Customer.io is a comprehensive customer engagement platform. It allows businesses of all sizes and industries to create personalized customer journeys across multiple channels. These channels may include SMS, email, in-app messaging, and push notifications.
While using Customer.io is fairly simple, it recommends domain authentication. This is also a straightforward process if you use the right tools and resources. Let’s find out how you can set up SPF, DKIM, and DMARC for Customer.io with a few quick and easy steps.
You can refer to Customer.io’s authentication document for more information.
The Need for Domain Authentication
You may spend a fortune crafting the perfect copy, but your emails might still not reach the intended recipient. Not only does authentication boost deliverability, but it also enables you to control the appearance of your tracked links in Customer.io. Customer.io confirms that users always need to authenticate their sending domain before they can start using a new sender, except when using a custom SMTP server.
Note: Customer.io leaves your root domain untouched
When it comes to authenticating your domain for sending in Customer.io, the root domain is not necessary. You simply need to include Customer.io’s DNS records in your account-specific subdomain.
Customer.io’s authentication records are stored in a subdomain. This means these records won’t clash with other settings in your DNS host. Please note that you shouldn’t delete records from your domain when adding Customer.io DNS records, as it may affect deliverability.
Note: When it comes to your hosting provider, only include _dmarc as a subdomain on your root domain. Do not add it to your subdomains. It should look like this: _dmarc.root-domain.com.
Adding a Sending Domain in Customer.io
To add a new sending domain in Customer.io, follow these steps:
- Go to Settings > Workspace Settings > Email
- Click “Add Sending Domain”
- Be sure to input the Domain, Display Name, and Email Address that you will use to send messages. Then click “Add Domain.” (Note that you can follow these same steps if you simply want to add new sending domains.)
You will need a “from” address to complete the domain authentication. Even though you’re not required to do it in this step, you will eventually have to do it to finish the setup.
Adding Customer.io DNS Records to Your Hosting Provider
When you are done adding a sending domain and including the From address, you should click Verify domain. This will help you locate the DNS records that Customer.io suggests you to configure.

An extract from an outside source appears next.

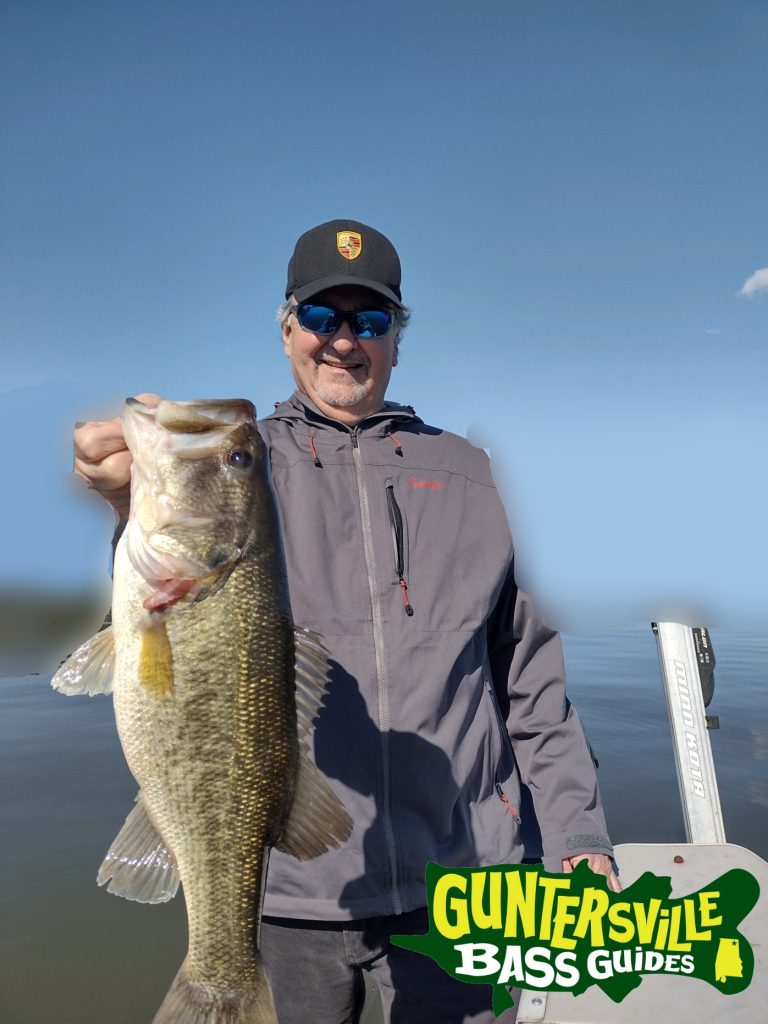 GUNTERSVILLE BASS GUIDES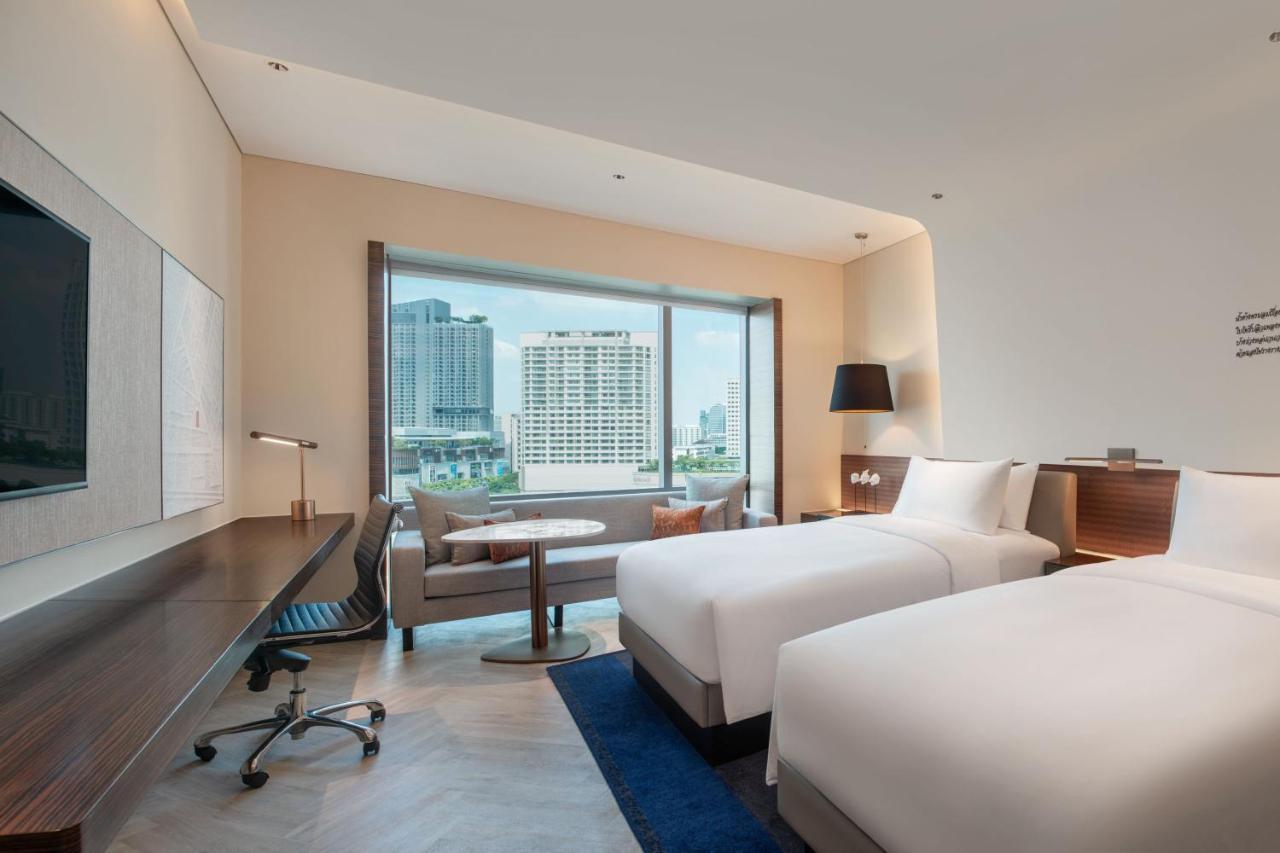 Le Meridien Банкок Екстериор снимка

According to their authentication document, you are required to add four DNS records to your DNS hosting provider for each domain from which you will be sending emails.
Adding Customer.io MX Record
You need to set up a single MX (Mail Exchange) record that includes two hostnames to enable email delivery from your domain. In this context, MX records serve a specific function. They establish a custom return path using your subdomain. This setup is essential for receiving bounce notifications and spam feedback. Implementing this enhances your email deliverability. It also ensures that emails sent through Customer.io comply with DMARC alignment requirements.
Adding Customer.io SPF Record
SPF is an email authentication protocol that helps authorize your senders.
The SPF record for Customer.io is a single TXT record that authorizes Customer.io to send emails on your domain’s behalf. SPF (Sender Policy Framework) records help specify which IP addresses are permitted to send emails on behalf of your domain.
To add Customer.io’s SPF record to your DNS:
- Log in to your DNS management console
- Navigate to your DNS zone editor and add a new SPF record
- Paste the record value and save changes.
Adding Customer.io DKIM Record
DKIM is an email authentication protocol that enables sending servers to append a digital signature to outgoing emails, preventing the chances of message alterations in transit.
By adding the DKIM TXT record to your domain, you allow Customer.io to attach an encrypted DKIM signature to your outgoing emails. This signature helps email providers confirm that the message was sent by you and hasn’t been tampered with along the way.
To add Customer.io’s DKIM record to your DNS:
- Log in to your DNS management console
- Navigate to your DNS zone editor and add a new DKIM record
- Paste the record value and save changes.
Adding Customer.io DMARC Record
- Customer.io checks if your DMARC policy meets Google, Yahoo, and Microsoft’s email sending requirements.
- The DMARC record enables you to determine how you want to deal with emails that do not pass SPF and DKIM checks. Here is the minimum requirement: v=DMARC1; p=none.
- If you already have a different DMARC policy in place with your hosting provider, Customer.io will reflect that record instead.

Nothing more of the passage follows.